• Your goal:
Transcribe every entry word for word, but drop the pictures.

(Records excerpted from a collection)
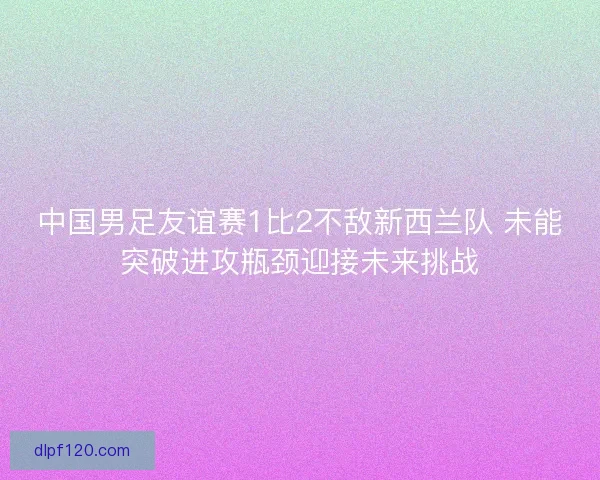 中国男足友谊赛1比2不敌新西兰队 未能突破进攻瓶颈迎接未来挑战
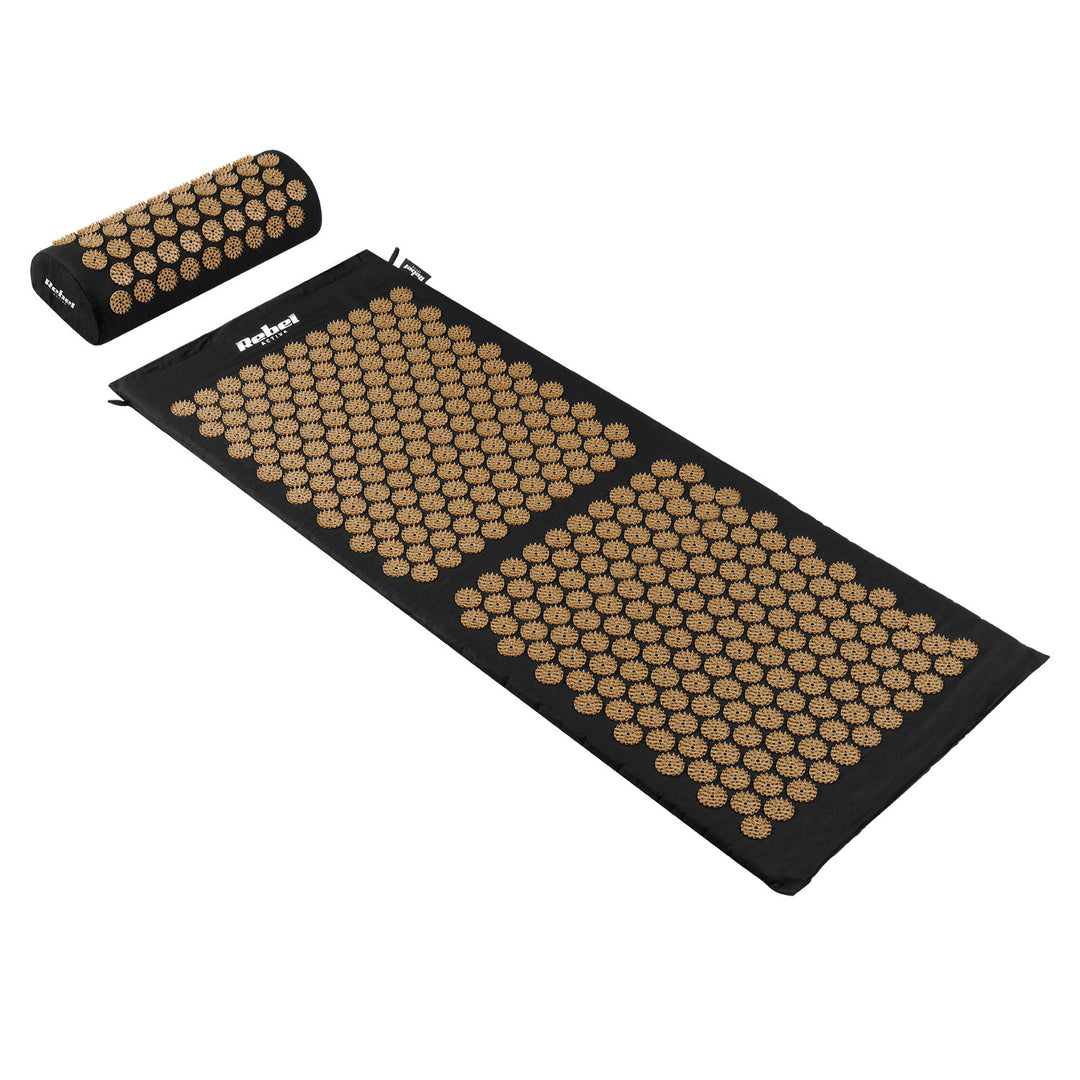 Covor terapeutic cu țepi pentru acupresură, cu pernă, 110x42 cm, XL, țepi aurii, Rebel Active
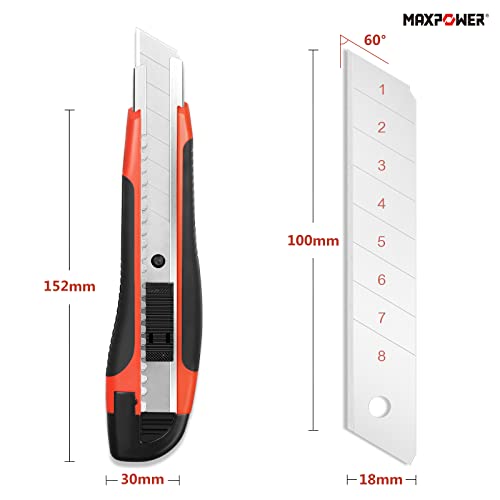 MAXPOWER 1 Stück Cuttermesser Profi +20 Stück Ersatzklinge Multifunction Tapeziermesser Profi Universalmesser Klingen Abbrechen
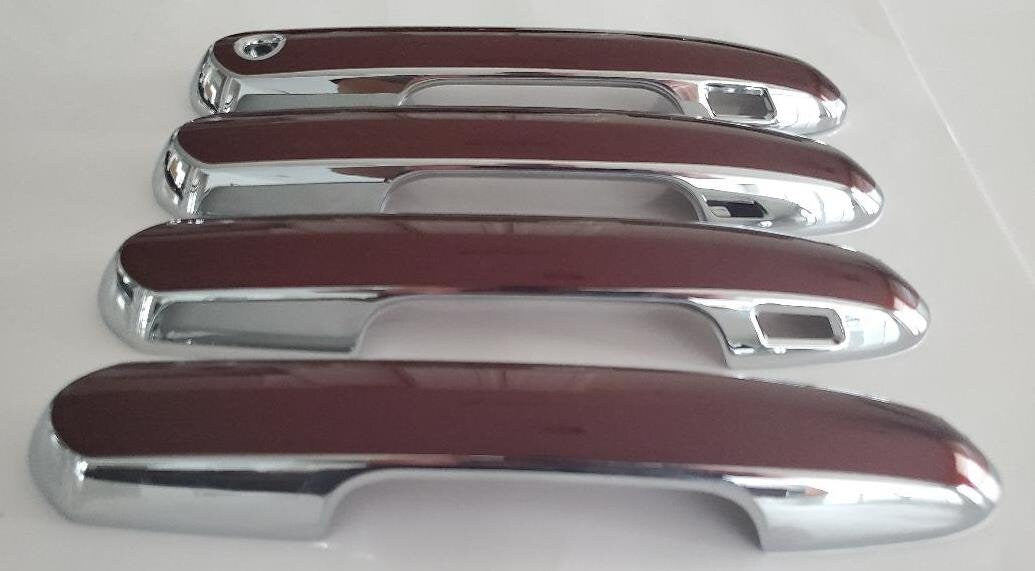 Full Set of Custom Black OR Chrome Door Handle Overlays / Covers For 2019 - 2022 Toyota RAV4 - You Choose the Color of the Middle Insert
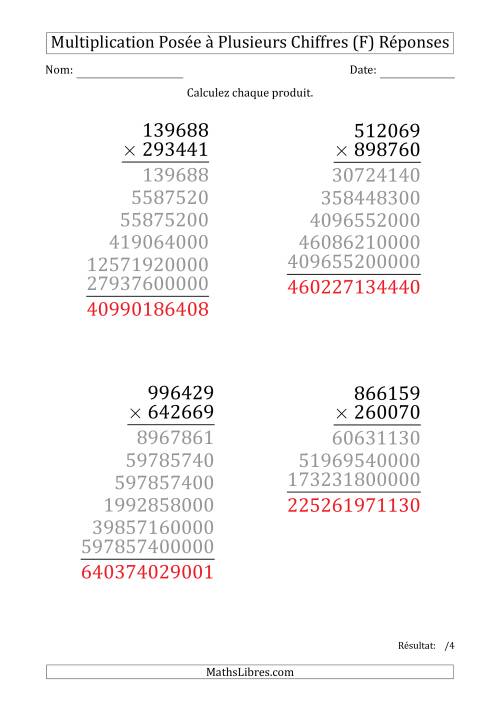 Multiplication d'un Nombre à 6 Chiffres par un Nombre à 6 Chiffres (Gros Caractère) (F) page 2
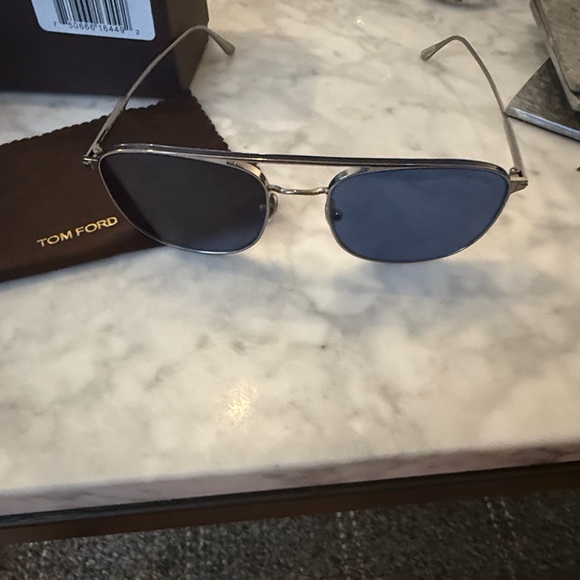 Tom Ford Silver Aviator Sunglasses - Picture 3 of 8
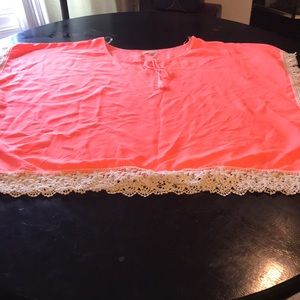 NWT Women’s XL Takara Neon Orange / Lace Top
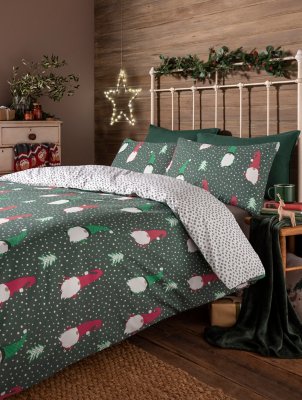 Green Christmas Gonks Duvet Set Home at ASDA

• Task output:
 中国男足友谊赛1比2不敌新西兰队 未能突破进攻瓶颈迎接未来挑战
 Covor terapeutic cu țepi pentru acupresură, cu pernă, 110x42 cm, XL, țepi aurii, Rebel Active
 MAXPOWER 1 Stück Cuttermesser Profi +20 Stück Ersatzklinge Multifunction Tapeziermesser Profi Universalmesser Klingen Abbrechen
 Full Set of Custom Black OR Chrome Door Handle Overlays / Covers For 2019 - 2022 Toyota RAV4 - You Choose the Color of the Middle Insert
 Multiplication d'un Nombre à 6 Chiffres par un Nombre à 6 Chiffres (Gros Caractère) (F) page 2
 Tom Ford Silver Aviator Sunglasses - Picture 3 of 8
 NWT Women’s XL Takara Neon Orange / Lace Top
 Green Christmas Gonks Duvet Set Home at ASDA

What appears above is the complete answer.